Il reste fidèle à sa
vision du monde.
La dernière
confrontation avec son fils est éclairante. A-t-elle eu lieu ou bien est-une
une liberté romanesque ?
Non, elle a eu lieu. A
partir du moment où je parle de Josef Mengele dans un livre, je suis obligé de
suivre et de respecter au maximum la vérité historique. Sinon je fais comme
Joseph Littell, et je crée un héros dans le genre des Bienveillantes, un personnage composite où il a pris un
peu à l’un et à l’autre.
En même temps, il
reste des zones d’ombre que seule la forme romanesque permettait d’approcher…
Il y a très peu de
choses que j’ai inventées. Je vous donne un exemple. D’après tout ce que j’ai
lu, je suis convaincu que Mengele a eu une relation avec Gitta Stammer, la
Hongroise. Après coup, je n’en sais rien et personne ne le saura jamais. Le
romancier s’empare de cette histoire, mais je ne l’ai pas inventé. C’est ce que
Truman Capote appelait un roman de non-fiction. Par ailleurs, je ne sais pas
vraiment à quoi il pense sur le pont du North King quand il arrive à Buenos Aires et je l’imagine. Voilà aussi pourquoi
c’est un roman.
Aussi peut-être parce
que la traque de Mengele se fait en partie après sa mort, comme une chasse au
fantôme ?
Oui, il est mort,
personne ne le sait et c’est à ce moment-là qu’on se met véritablement à le
chercher. C’est proprement hallucinant dans cette trajectoire. Avec une morale
de l’histoire étonnante, quand les derniers os de Mengele sont confiés à la
science.
N’avez-vous pas
éprouvé, à certains moments, du dégoût pour le personnage, et une envie de vous
en détourner ?
Il y a eu trois
phases. Jusqu’à présent, je m’étais intéressé aux victimes, à des héros
positifs.
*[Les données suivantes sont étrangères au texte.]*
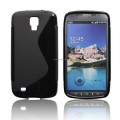 Pokrowiec BACK CASE LUX SAMSUNG i9295 Activ czarny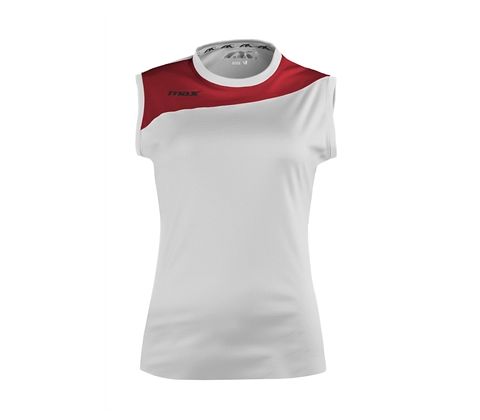 T-shirt volleyball - dame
Mais, en écrivant le scénario de Fritz Bauer, un héros allemand, j’ai beaucoup lu sur l’Argentine des
années 50, je suis à plusieurs reprises tombé sur Mengele. Je savais comme tout
le monde qu’il n’avait pas été arrêté et je me suis demandé ce qu’avait été sa
vie, sur laquelle beaucoup d’histoires avaient circulé. C’était plutôt
excitant. Ensuite, j’ai tourné autour. Quand il a fallu monter sur le ring, ça
a été terrible ! J’ai eu l’impression de devenir la marionnette de
Mengele. Et puis, à partir du moment où j’ai compris comment j’allais raconter
cette histoire-là, dix ans de dolce vita et vingt ans de chute abyssale, j’ai
repris le dessus sur lui.
Par ailleurs, le Renaudot essai va à Justine Augier pour De l'ardeur (Actes Sud, à la fête aujourd'hui), un document poignant sur la Syrie d'aujourd'hui et plus particulièrement sur une femme avocate, journaliste, activiste des droits de l'homme, disparue depuis presque quatre ans, Razan Zaitouneh.
Et le Renaudot poche confirme l'existence de la filière entre l'autoédition et l'édition traditionnelle, Louisiane C. Dor ayant publié d'abord Les méduses ont-elles sommeil? chez Amazon avant d'être repérée par Gallimard et d'entrer cette année dans la catalogue Folio.